Faltavam navios e contêineres, sobrava congestionamento nas rotas. Os preços dos fretes marítimos dispararam.
A partir de novembro, a escalada no conflito da Rússia com a Europa e os Estados Unidos introduziu o imponderável no suprimento mundial de insumos vitais à agricultura: a incerteza sobre o futuro abastecimento de fertilizantes.
O agronegócio brasileiro é absolutamente dependente de quatro fornecedores: China, Rússia, Ucrânia e Lituânia.
Descontada a China, que no ano passado já reduziu a produção por prioridades domésticas, o setor agroindustrial — responsável por 26% do Produto Interno Bruto brasileiro — está literalmente na dependência de fornecimento de insumos de três países que estão no centro do maior conflito geopolítico mundial (Rússia, Ucrânia e Lituânia).
Da Rússia, por exemplo, saem 22% de todo fertilizante que o Brasil consome. Foi a maior fonte individual de suprimento no ano passado, entregou 9,3 milhões de toneladas, cerca de 40% a mais que a China.
Em alguns produtos, como nitrato de amônio, a dependência brasileira é total: 98% das compras são feitas na Rússia. Em preparação para o conflito na Ucrânia, Putin proibiu as exportações desse produto até 1º de abril. A partir daí, é só incerteza.

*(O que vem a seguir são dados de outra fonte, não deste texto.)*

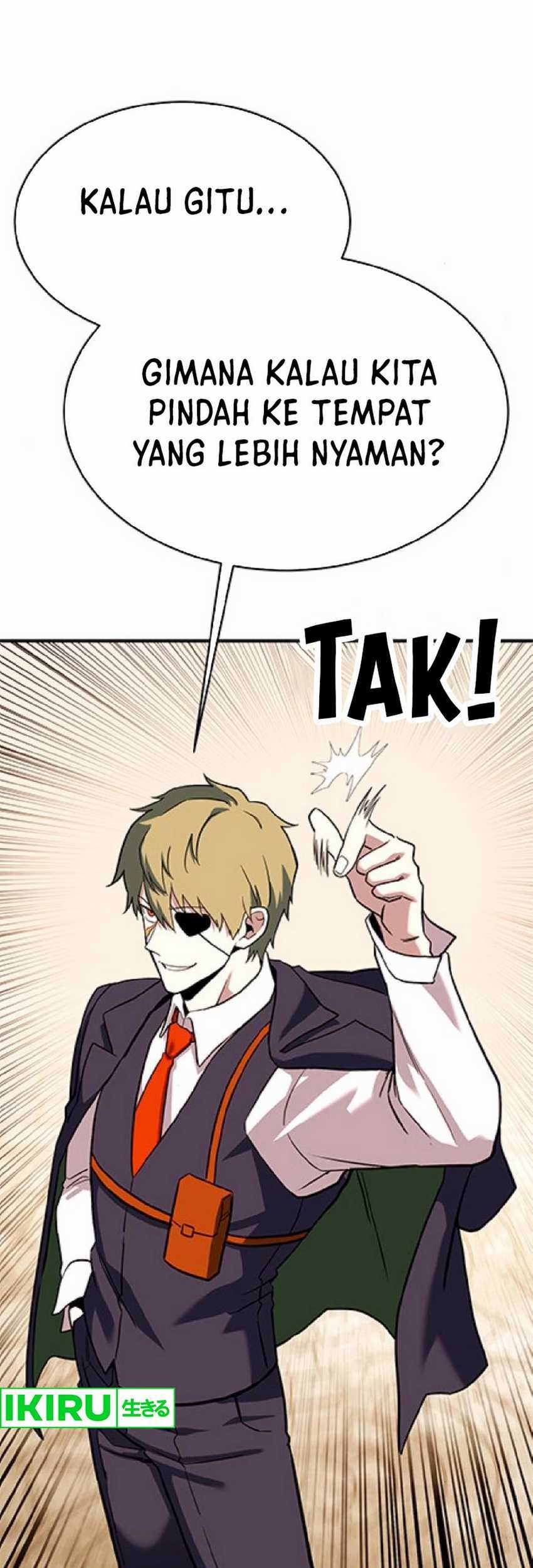 Dig or Die Chapter 9 halaman 15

Na sexta-feira, operadores de crédito rural, como o holandês Rabobank, com mais de um século de experiência no setor, começaram a emitir alertas sobre o nível de exposição da agricultura brasileira no conflito.
Alternativas de suprimento sempre são possíveis, o problema é o preço. Grandes conflitos têm alto custo.

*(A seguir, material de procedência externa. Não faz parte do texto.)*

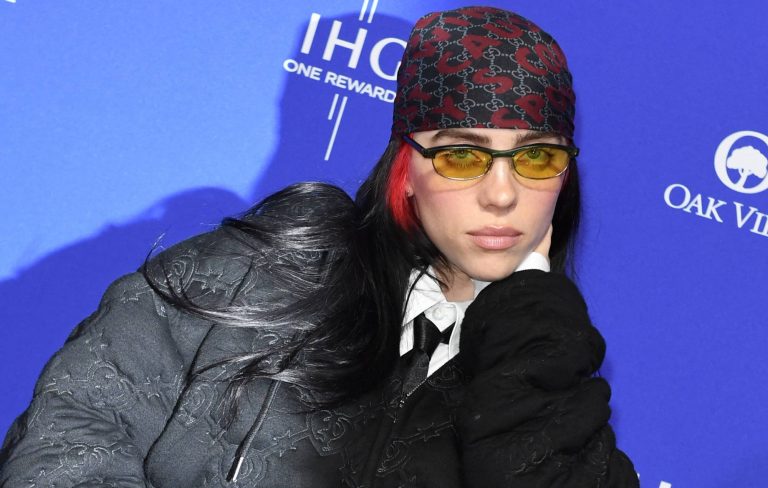 Billie Eilish shares new album update: “It’ll be soon-ish”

Antes da escalada na Ucrânia, o Brasil ficou refém da alta de 190% nos preços mundiais dos fertilizantes à base de potássio, de 100% nos fosfatados e de 90% nos nitrogenados.
Bolsonaro insistiu em viajar a Moscou no meio da crise, numa aposta que julga relevante para a sua reeleição. Convidado por Putin, planeja conseguir algum tipo de garantia de abastecimento de insumos essenciais à agricultura no curto prazo, a preços razoavelmente ajustados.

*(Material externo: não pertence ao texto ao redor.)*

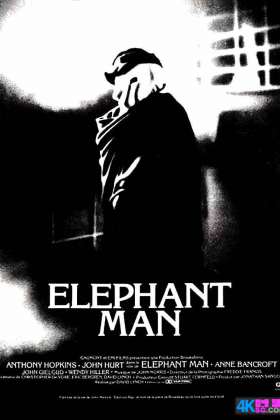 象人 The.Elephant.Man.1980.1080p.x264 [9.83G]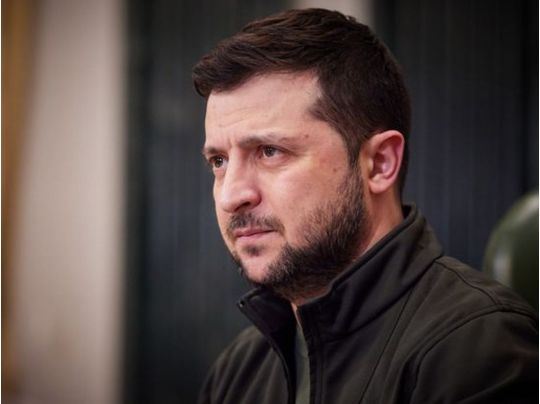 Мотивація «зберегти життя» — сильніша: Зеленський пояснив причину успіхів ЗСУ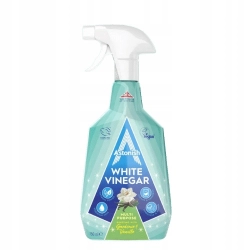 ASTONISH WHITE GARDENIA UNIWERSALNY SPRAY CZYSZCZĄCY 750 ML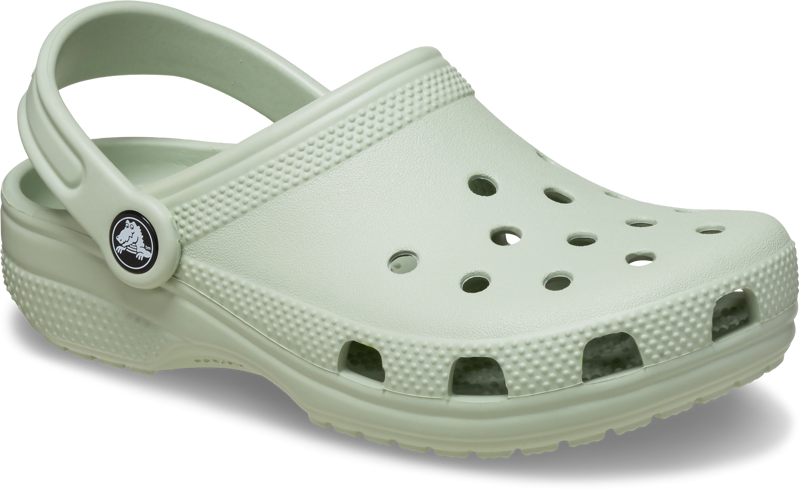 Crocs Kids Classic Clog - Plaster UK12 and UK13-1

O ambiente é favorável, indica a previsão de acordo com investidores russos para assumir numa fábrica de nitrogenados da Petrobras abandonada no Mato Grosso do Sul — reduto eleitoral da ministra Tereza Cristina (Agricultura), senadora licenciada e considerada no governo como mais provável candidata a vice-presidente de Bolsonaro.
Para o candidato à reeleição, qualquer acerto em Moscou seria um trunfo potencial junto à base de eleitores cuja vida depende dos rumos do agronegócio. Eles o sustentaram na campanha de 2018 e, pelas pesquisas recentes, ainda o mantém na liderança nas regiões agrícolas, embora sua vantagem sobre Lula esteja declinando no Centro-Oeste.
Bolsonaro vai ao Kremlin preocupado com os efeitos do conflito na Ucrânia na sua campanha pela reeleição.